*** DATA FOR THE TASK Section Begins ***

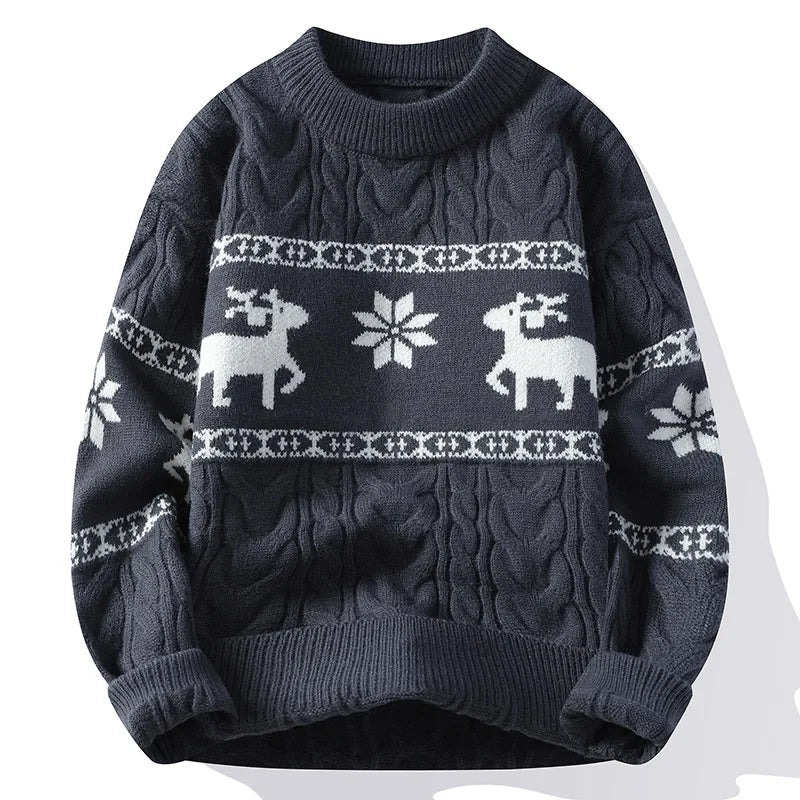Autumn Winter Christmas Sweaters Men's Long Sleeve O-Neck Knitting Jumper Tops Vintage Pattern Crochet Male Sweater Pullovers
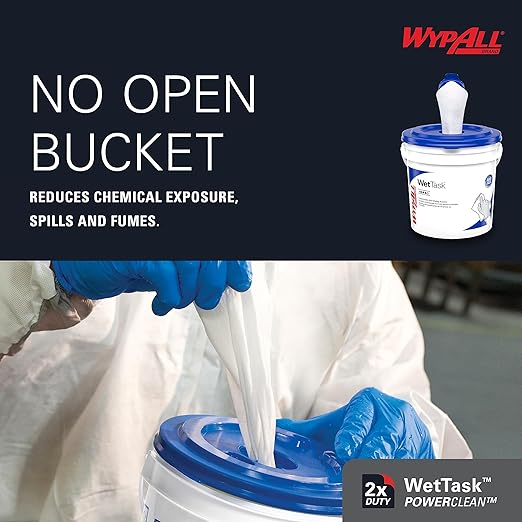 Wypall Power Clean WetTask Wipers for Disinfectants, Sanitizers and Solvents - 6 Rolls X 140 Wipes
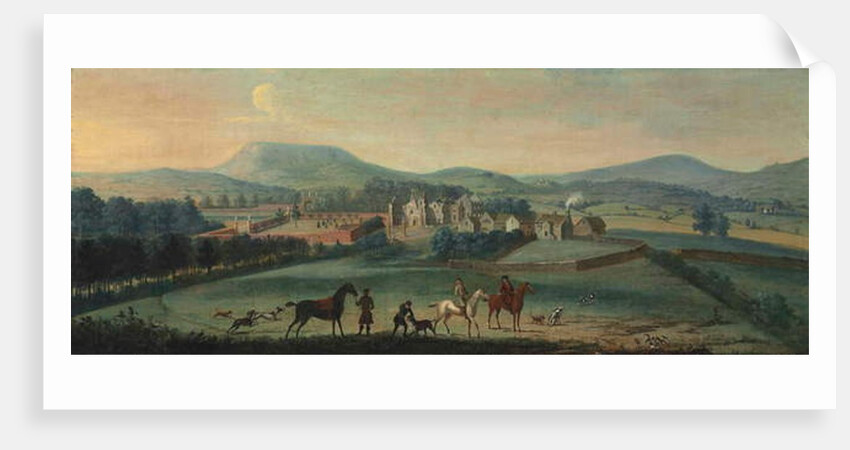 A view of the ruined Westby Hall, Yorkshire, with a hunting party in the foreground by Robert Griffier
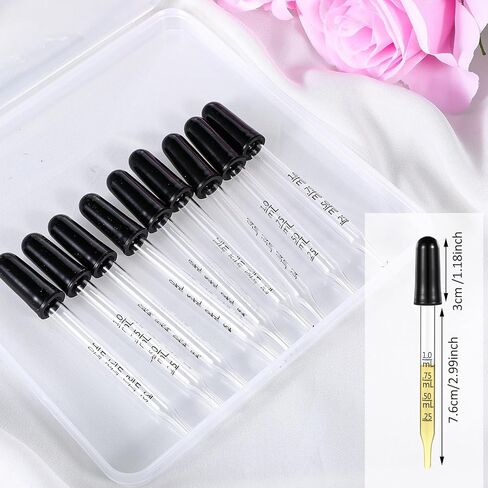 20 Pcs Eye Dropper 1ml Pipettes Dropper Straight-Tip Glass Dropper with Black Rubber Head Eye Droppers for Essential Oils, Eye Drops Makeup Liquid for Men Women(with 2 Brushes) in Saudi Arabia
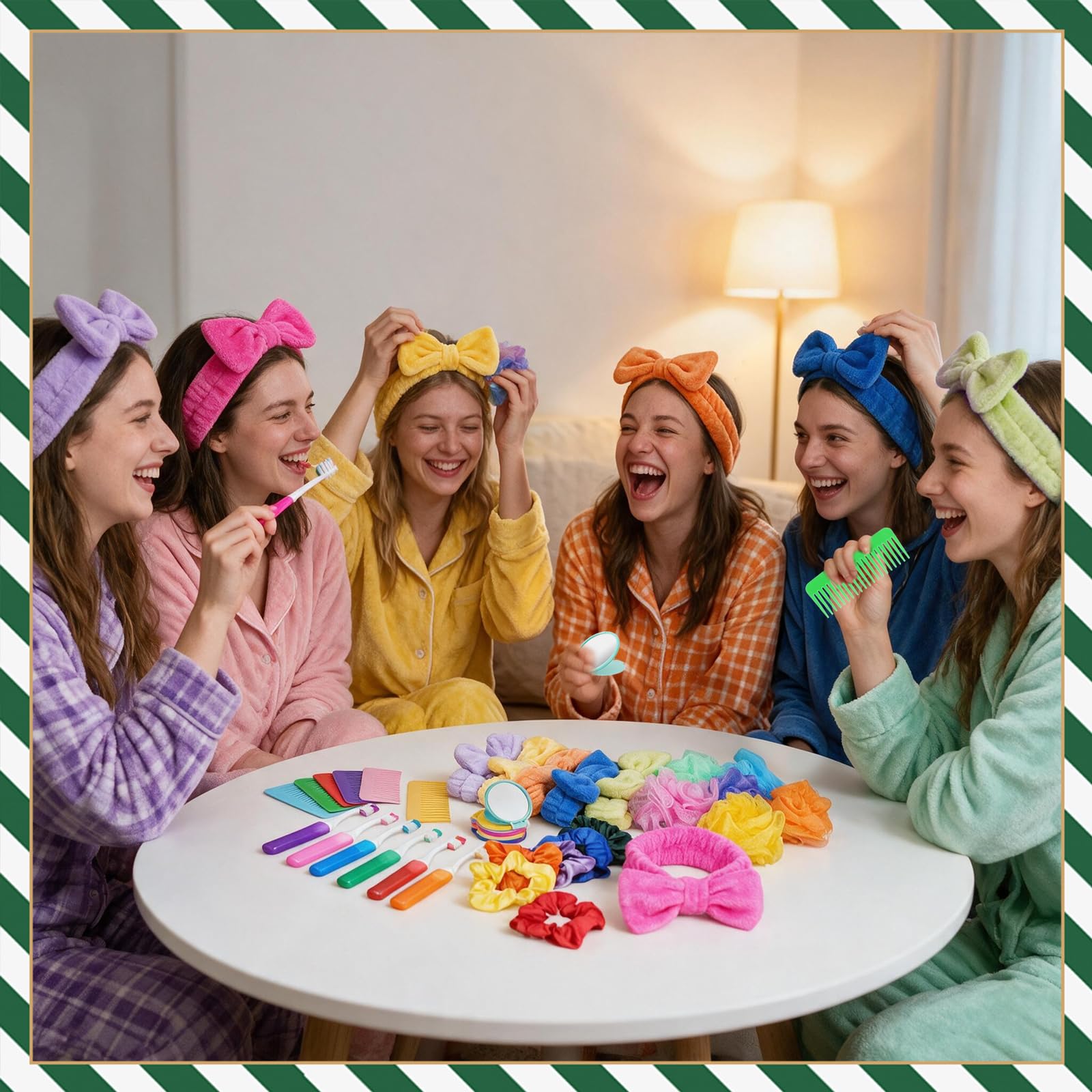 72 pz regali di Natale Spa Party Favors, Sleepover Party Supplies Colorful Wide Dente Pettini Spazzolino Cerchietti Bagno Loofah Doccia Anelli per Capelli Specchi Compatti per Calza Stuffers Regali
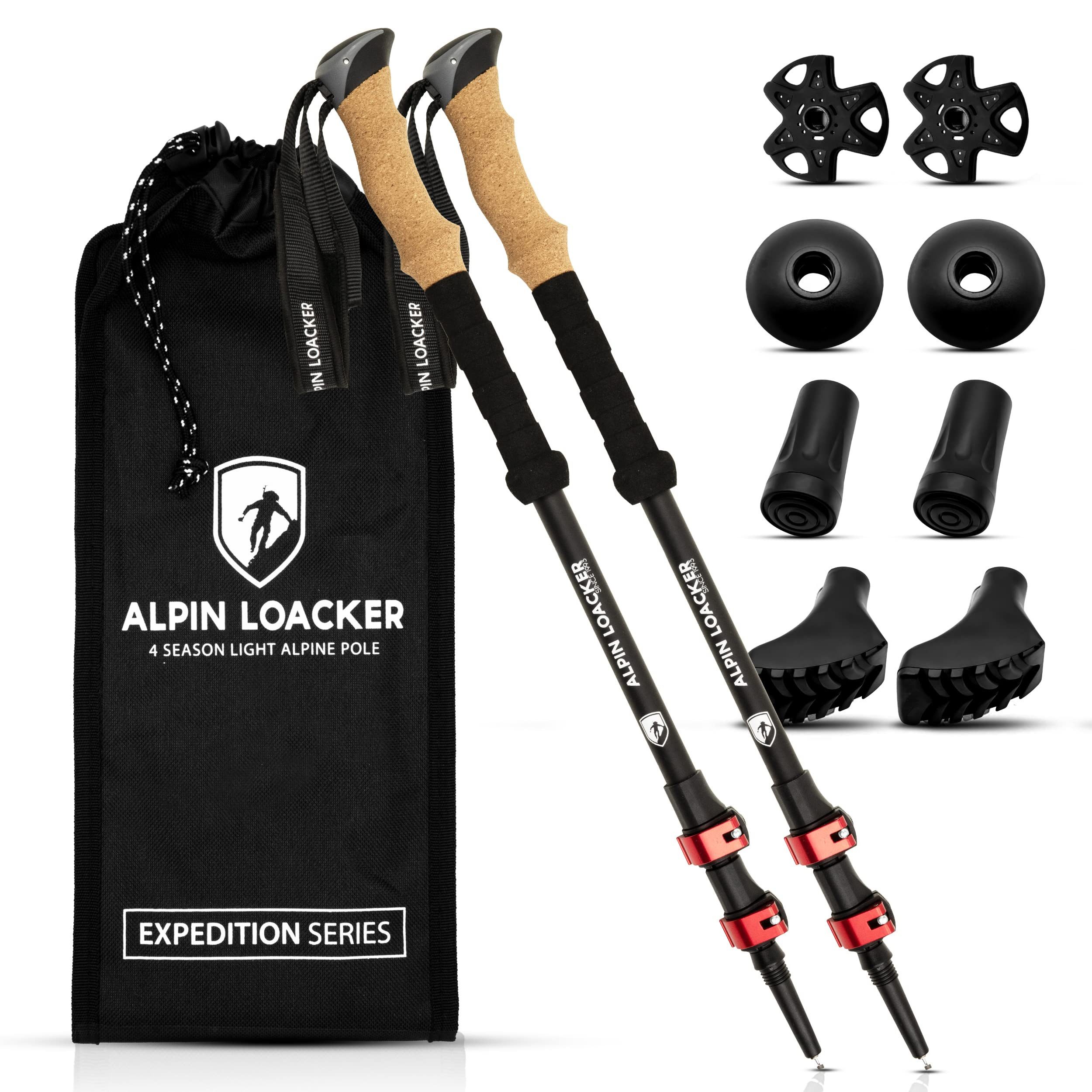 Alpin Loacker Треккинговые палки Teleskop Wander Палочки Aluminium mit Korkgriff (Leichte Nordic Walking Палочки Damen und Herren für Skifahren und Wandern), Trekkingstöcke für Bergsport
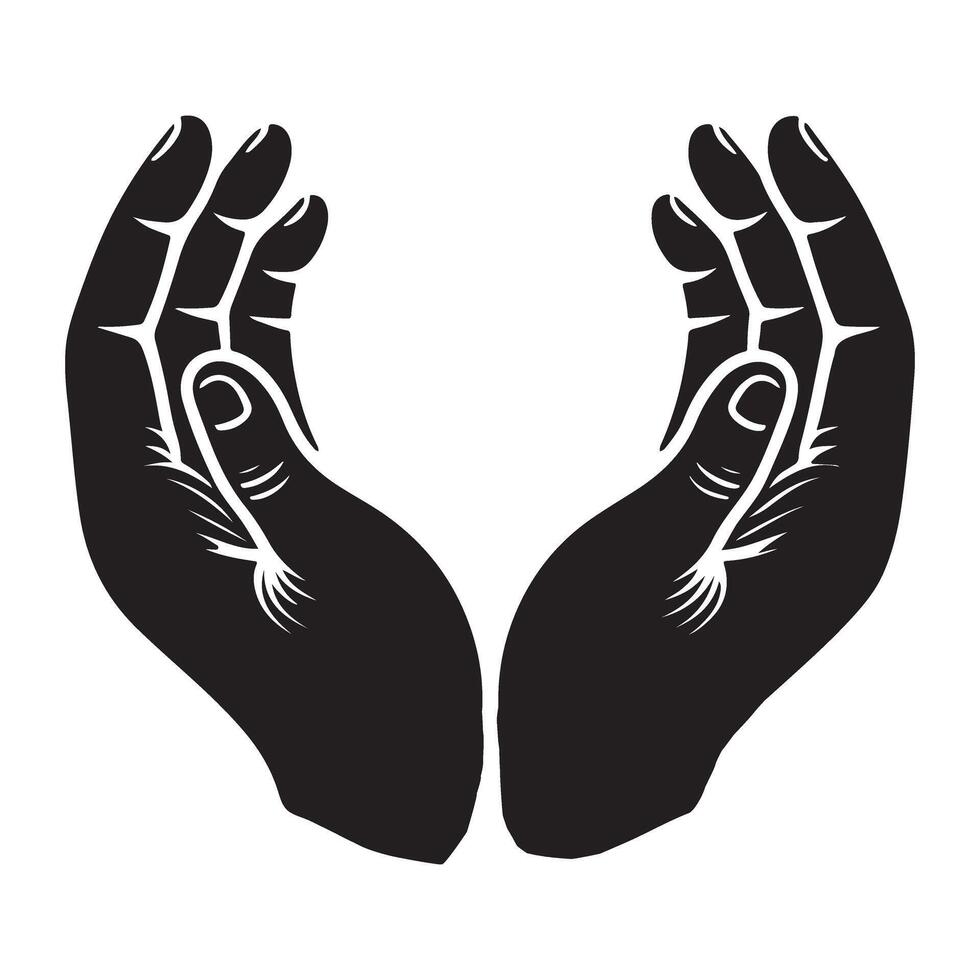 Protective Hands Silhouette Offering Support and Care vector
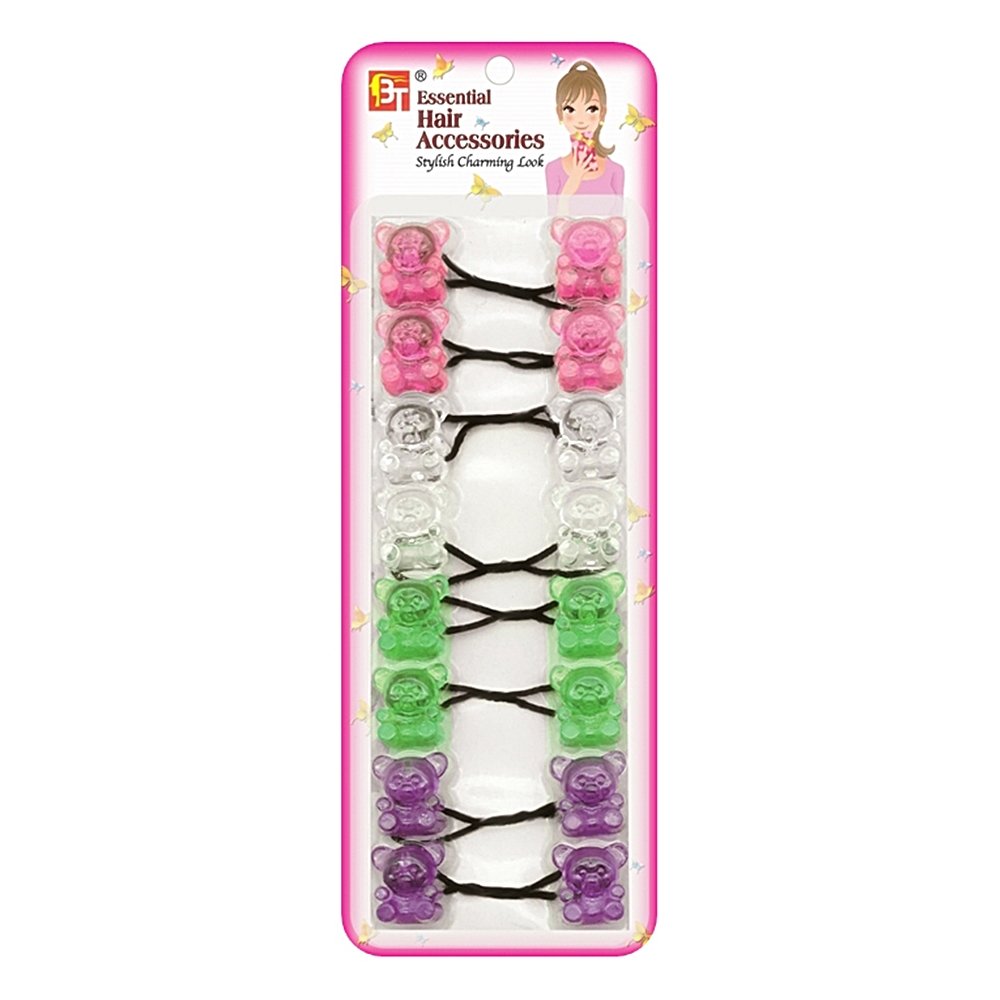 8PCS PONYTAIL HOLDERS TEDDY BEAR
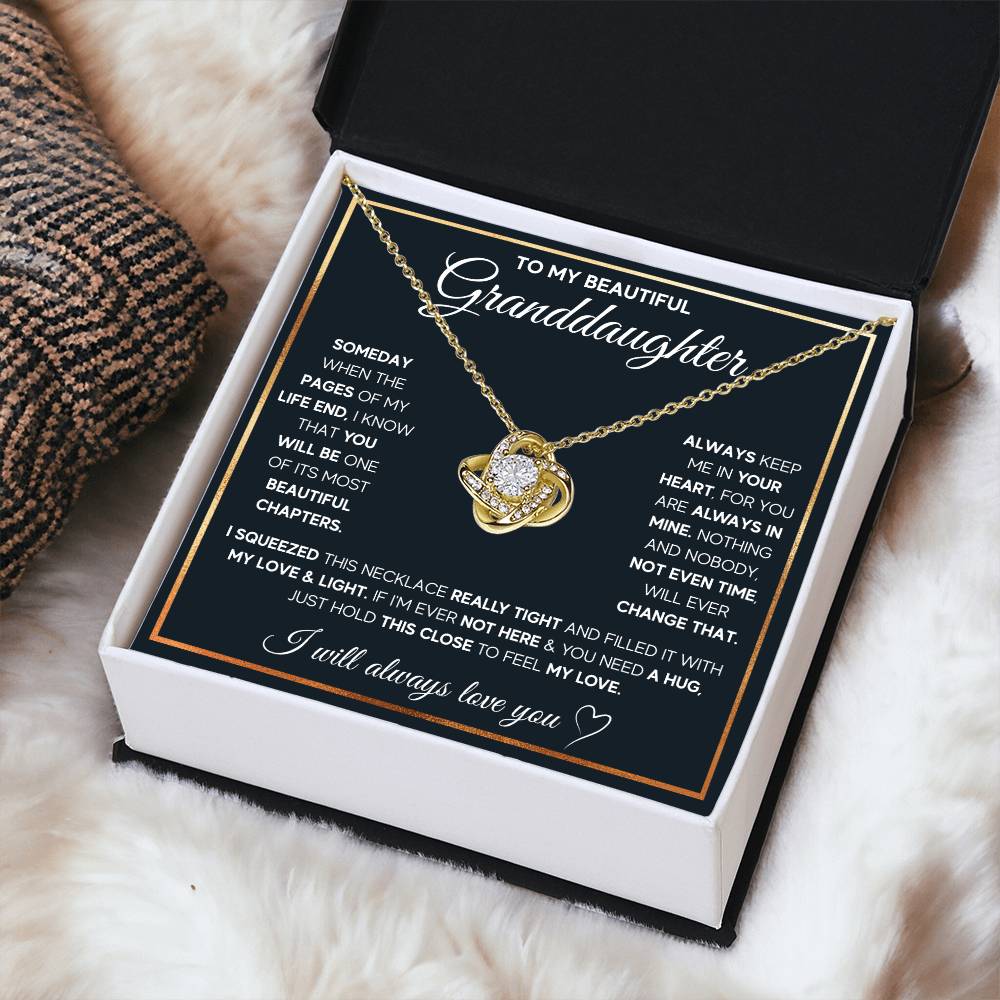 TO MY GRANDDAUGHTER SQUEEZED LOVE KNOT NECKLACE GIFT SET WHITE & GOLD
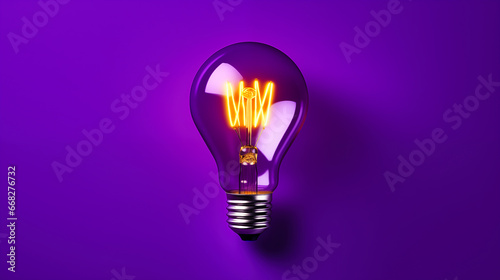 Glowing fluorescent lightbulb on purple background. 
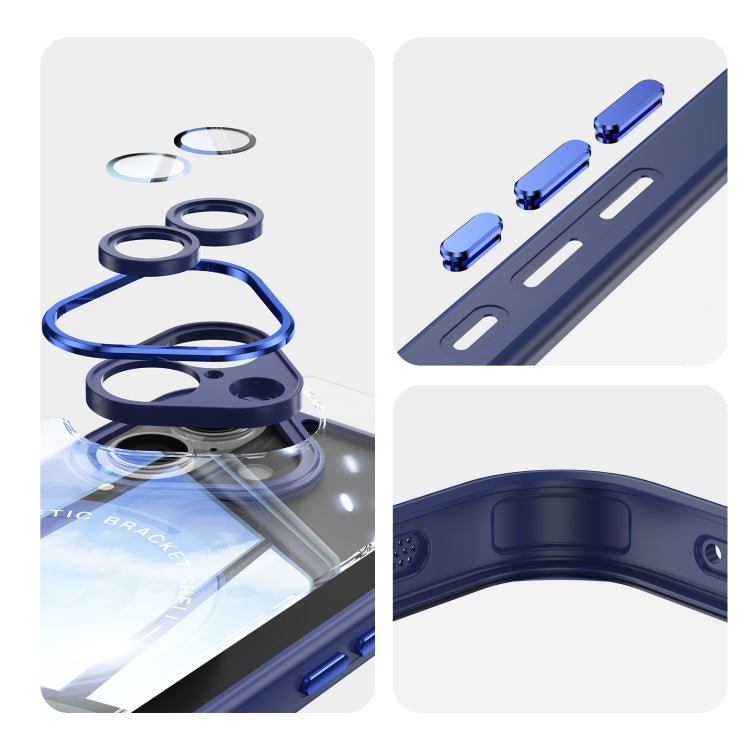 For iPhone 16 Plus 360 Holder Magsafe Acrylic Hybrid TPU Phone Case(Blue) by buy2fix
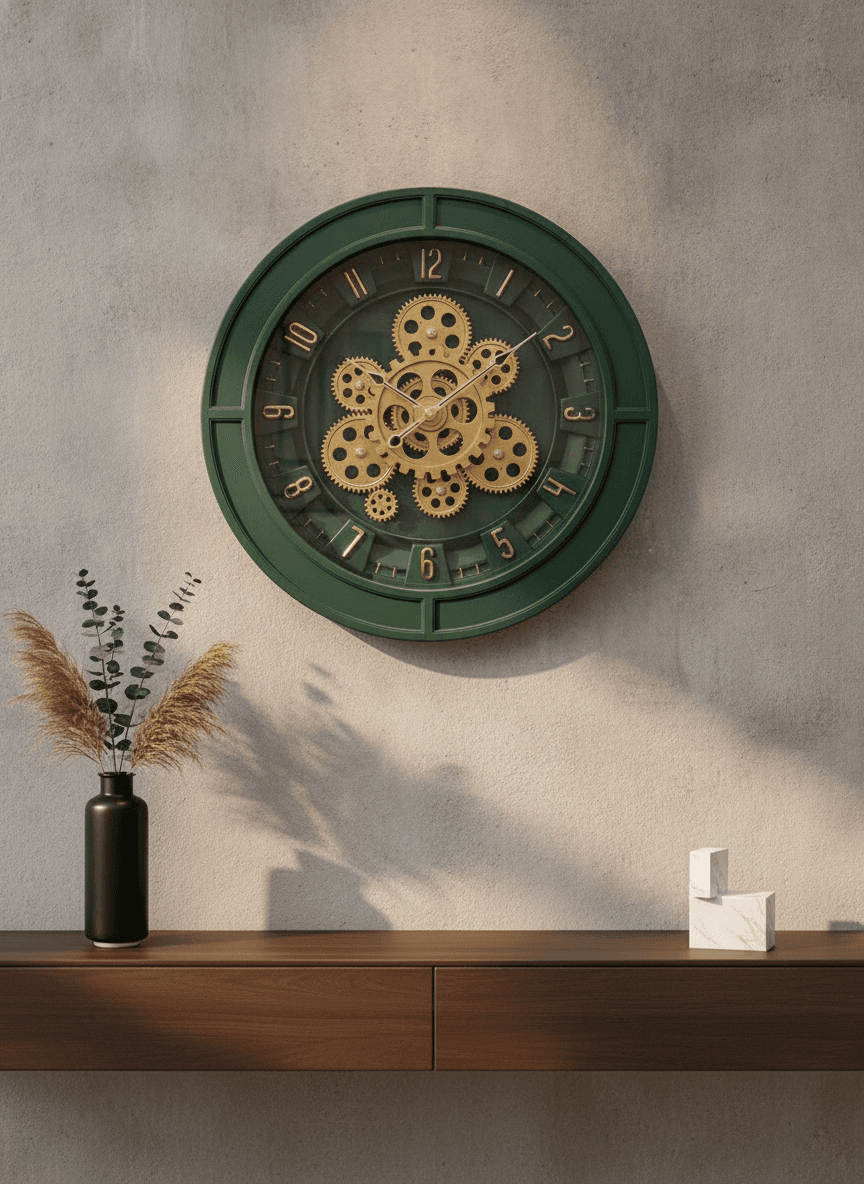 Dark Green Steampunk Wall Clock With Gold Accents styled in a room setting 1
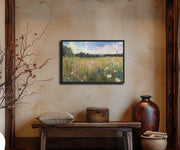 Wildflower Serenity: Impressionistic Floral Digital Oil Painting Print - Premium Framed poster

*** DATA FOR THE TASK Section Ends ***

### WHAT THIS TASK INVOLVES
The records above are to be repeated exactly, apart from their pictures.

### ANSWER TO THIS TASK
Autumn Winter Christmas Sweaters Men's Long Sleeve O-Neck Knitting Jumper Tops Vintage Pattern Crochet Male Sweater Pullovers
 Wypall Power Clean WetTask Wipers for Disinfectants, Sanitizers and Solvents - 6 Rolls X 140 Wipes
 A view of the ruined Westby Hall, Yorkshire, with a hunting party in the foreground by Robert Griffier
 20 Pcs Eye Dropper 1ml Pipettes Dropper Straight-Tip Glass Dropper with Black Rubber Head Eye Droppers for Essential Oils, Eye Drops Makeup Liquid for Men Women(with 2 Brushes) in Saudi Arabia
 72 pz regali di Natale Spa Party Favors, Sleepover Party Supplies Colorful Wide Dente Pettini Spazzolino Cerchietti Bagno Loofah Doccia Anelli per Capelli Specchi Compatti per Calza Stuffers Regali
 Alpin Loacker Треккинговые палки Teleskop Wander Палочки Aluminium mit Korkgriff (Leichte Nordic Walking Палочки Damen und Herren für Skifahren und Wandern), Trekkingstöcke für Bergsport
 Protective Hands Silhouette Offering Support and Care vector
 8PCS PONYTAIL HOLDERS TEDDY BEAR
 TO MY GRANDDAUGHTER SQUEEZED LOVE KNOT NECKLACE GIFT SET WHITE & GOLD
 Glowing fluorescent lightbulb on purple background. 
 For iPhone 16 Plus 360 Holder Magsafe Acrylic Hybrid TPU Phone Case(Blue) by buy2fix
 Dark Green Steampunk Wall Clock With Gold Accents styled in a room setting 1
 Wildflower Serenity: Impressionistic Floral Digital Oil Painting Print - Premium Framed poster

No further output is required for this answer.